Baissant les yeux sur son intendant, l'Impératrice haussa un sourcil.

« Si vite ? Et bien. Je suppose qu'on peut les faire entrer. Ordonnez à la domesticité de préparer en urgence tous les appartements disponibles du palais. Embauchez-en en ville si nécessaire, mais je veux que ce soit prêt ce soir. »

Elle se leva alors, et parla d'une voix forte :

« Très cher peuple. Veuillez m'excuser pour cette interruption. Je me vois obliger de reporter le reste de ces audiences à une date ultérieure. Soyez assurés de mon affection. En sortant, que ceux qui n'ont pas eu l'audience attendent que mes gardes leur remette une petite bourse. C'est pour vous dédommager de votre déplacement. »

La petite bourse contiendrait 10 Lucra, comme le montra l'Impératrice au Chef des Gardes qui la regardait. Elle descendit ensuite de son trône, et sortit dignement de la salle des audiences. Elle garda son habit solennel (à savoir sa robe de soir gris perle et son manteau de fourrure noire), pour aller accueillir le Prince. Ses cinq frères étaient là, pour une fois. Ils avaient l'apparence de quintuplés. Ils formaient une haie d'honneur derrière elle.

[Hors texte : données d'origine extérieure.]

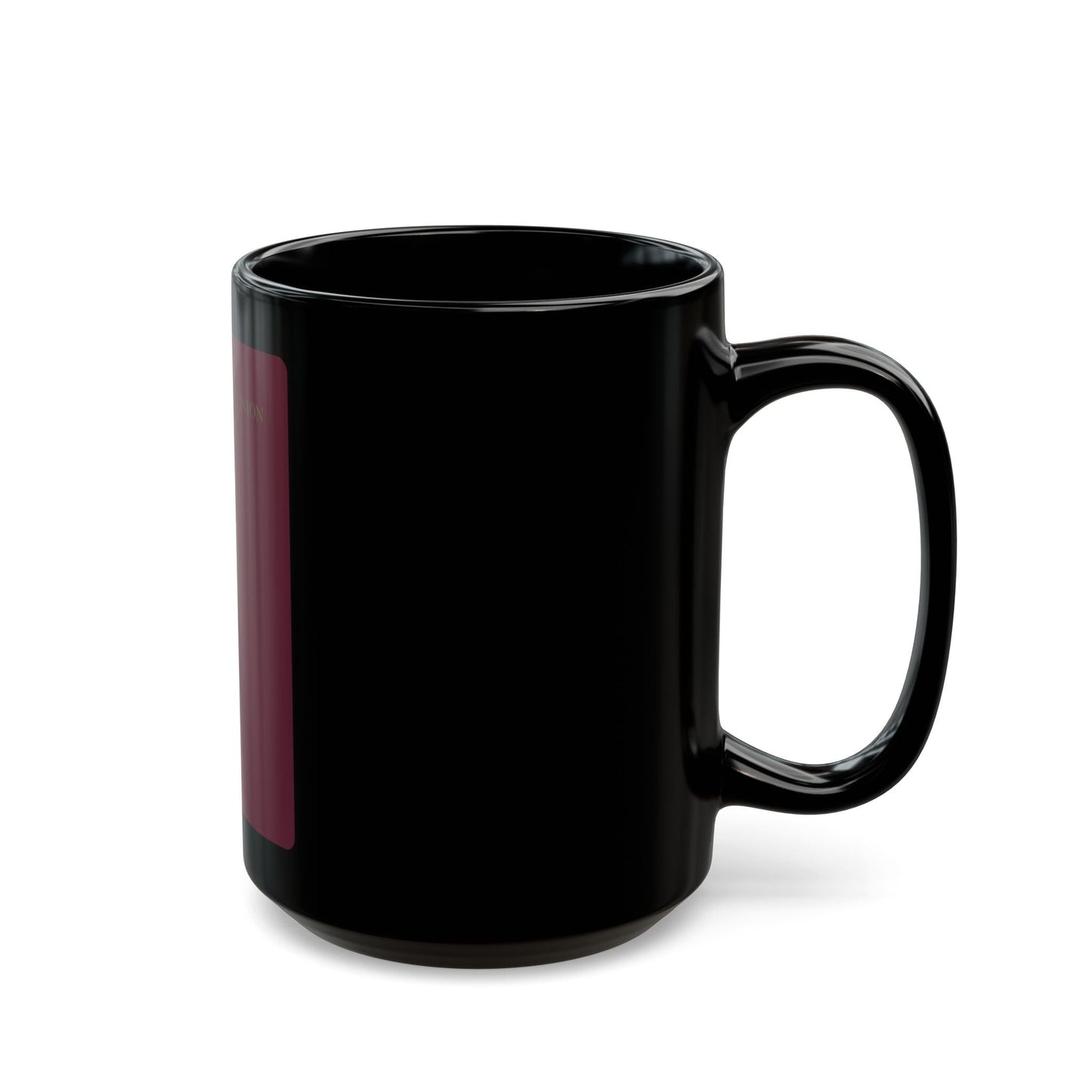 Danish Passport - Black Coffee Mug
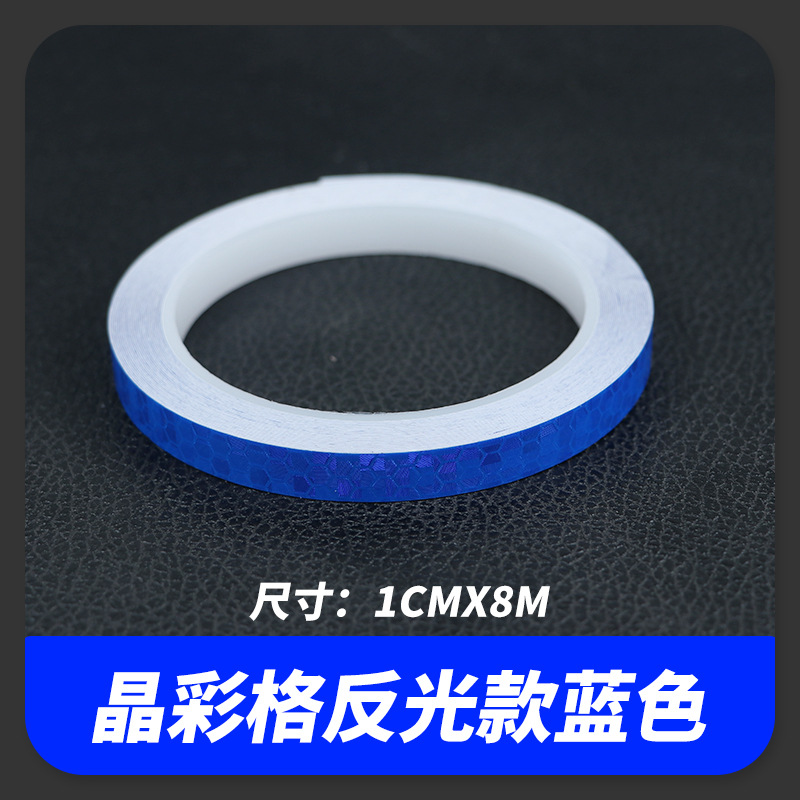 Suministro directo de fábrica pegatinas reflectantes del cuerpo del coche tira reflectante rojo y blanco pegatinas del cuerpo del coche enrejado cinta reflectante rueda cubo pegatinas reflectantes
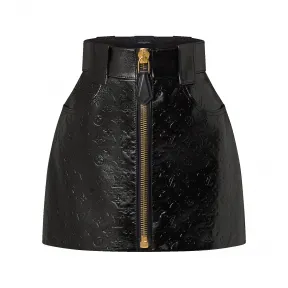 路易威登/Louis Vuitton(LV) 压花花押字皮革迷你裙 | 路易威登官方网站 - 1ABE0P 1ABE0P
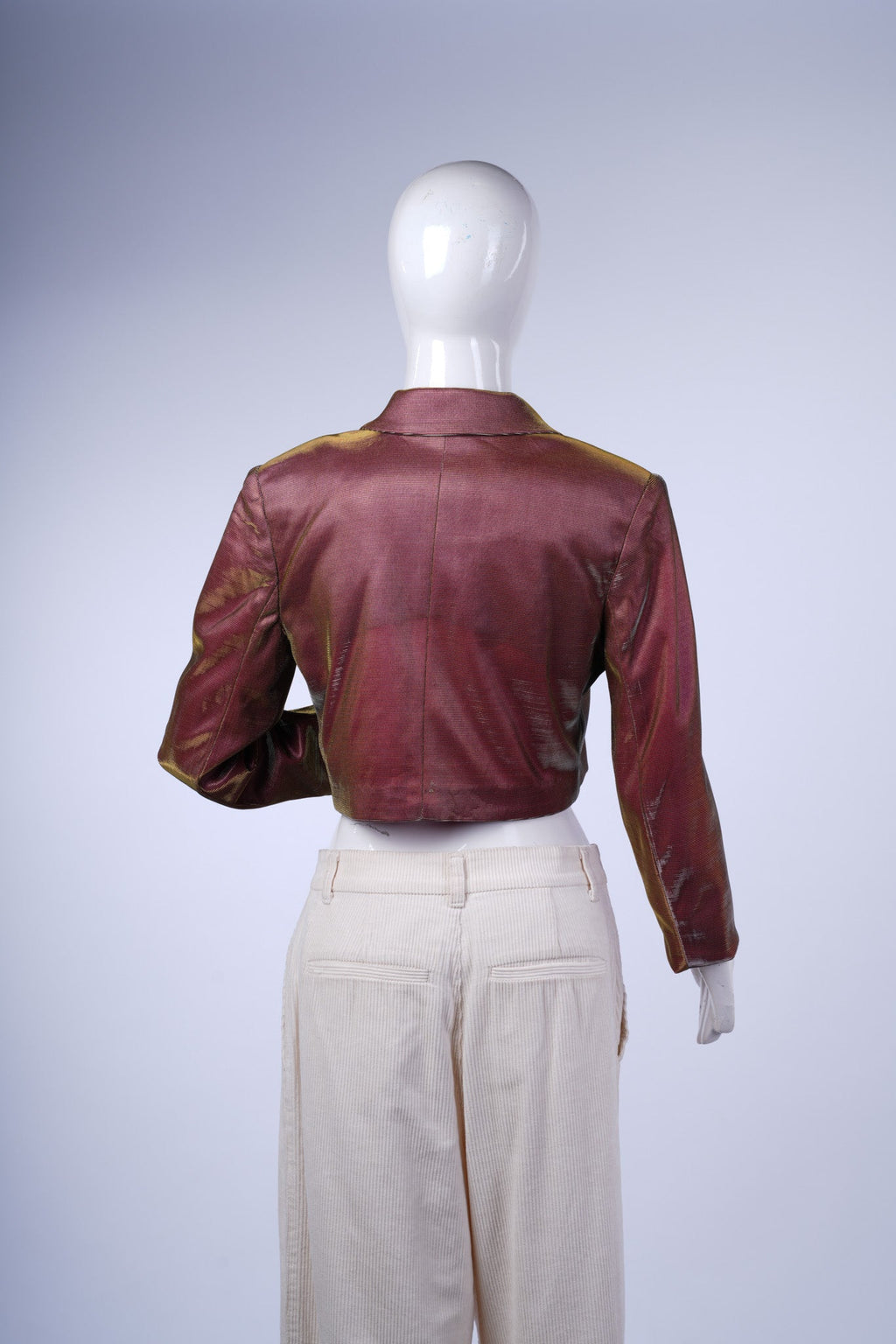 GINZA - Rose Gold Cropped Blazer with Single Button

« Le Saint-Empire du Dragon d'Occident... N'était-ce pas une légende, chère soeur ? »
« C'est ce que je croyais, jusqu'à il y a quelques jours. »
« Où est situé ce Saint-Empire ? »
« Personne ne l'a jamais su. N'est-ce pas chère soeur ? »
« C'est exact. J'ai hâte de voir à quoi ressemble ce Prince... »

Ses frères continuèrent à parler entre eux, de façon télépathique, tandis qu'ils gardaient un air impassible et dangereux. Si quelqu'un tentait de faire du mal à leur soeur, il le sentirait passer. Et pas seulement avec les Commandants des Cinq Légions. Toute la suite de l'Impératrice réagirait.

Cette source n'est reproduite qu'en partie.